1. **Terminates on success:** a happy-path multi-step task reaches the semantic stop and returns the artifact *before* `MAX_STEPS` — caps are a safety net, not the normal exit.
2. **Terminates on failure:** force an unsolvable goal → the run hits `MAX_STEPS`/`MAX_USD` and **escalates** (returns a clear "could not complete" + trace), never an infinite loop and never a partial dressed up as success.
3. **No-progress break:** inject a tool that returns the same value forever → the loop detects the repeated `(tool,args)` and breaks/replans within ≤2 repeats, not at MAX_STEPS.
4. **Anti-drift:** run a long task with a distractor in tool output → final answer still serves the original `goal`; the off-goal result was discarded, not built upon.
5. **Replan on logical error:** make a tool reject the first args → the agent fixes args / switches tool and proceeds, and does **not** re-send the identical failing call.
6. **Budget guard:** set `MAX_USD` low → the run halts and escalates when spend exceeds it; cumulative cost in the trace matches actual usage.
7. **Approval gate:** an irreversible tool is never executed without the approval checkpoint firing first (assert it pauses and surfaces args).

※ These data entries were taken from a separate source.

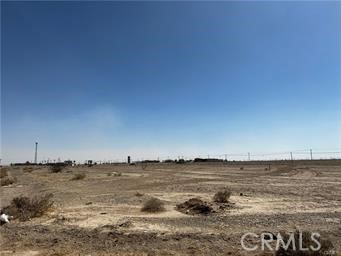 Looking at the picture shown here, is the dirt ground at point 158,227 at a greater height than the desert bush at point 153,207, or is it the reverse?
the desert bush at point 153,207

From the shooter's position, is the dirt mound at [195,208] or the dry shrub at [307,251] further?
the dirt mound at [195,208]

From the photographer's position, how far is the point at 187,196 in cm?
2403

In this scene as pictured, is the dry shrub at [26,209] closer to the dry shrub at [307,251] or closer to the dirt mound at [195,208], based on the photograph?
the dirt mound at [195,208]

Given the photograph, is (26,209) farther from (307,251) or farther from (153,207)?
(307,251)

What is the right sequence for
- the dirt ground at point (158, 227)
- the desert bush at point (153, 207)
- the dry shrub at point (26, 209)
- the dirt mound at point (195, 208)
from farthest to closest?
the desert bush at point (153, 207)
the dirt mound at point (195, 208)
the dry shrub at point (26, 209)
the dirt ground at point (158, 227)

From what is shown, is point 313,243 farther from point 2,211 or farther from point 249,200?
point 2,211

8. **Subagent isolation:** parent context size after a subagent task stays bounded — the child returned a summary, not its transcript (check token count, not just correctness).
9. **Harness:** ≥3 multi-step scenarios with machine-checkable success criteria (artifact exists / check passes / expected state reached) run green in CI, including at least one designed-to-fail case from check 2.

Done = on the multi-step harness the agent finishes happy-path tasks via the semantic stop, every failure/runaway path escalates within the step+budget caps (no infinite loops, no partial-as-success), each step is verified and re-grounded on the goal, irreversible actions are gated, and subagents return summaries — all evidenced by the per-step trace.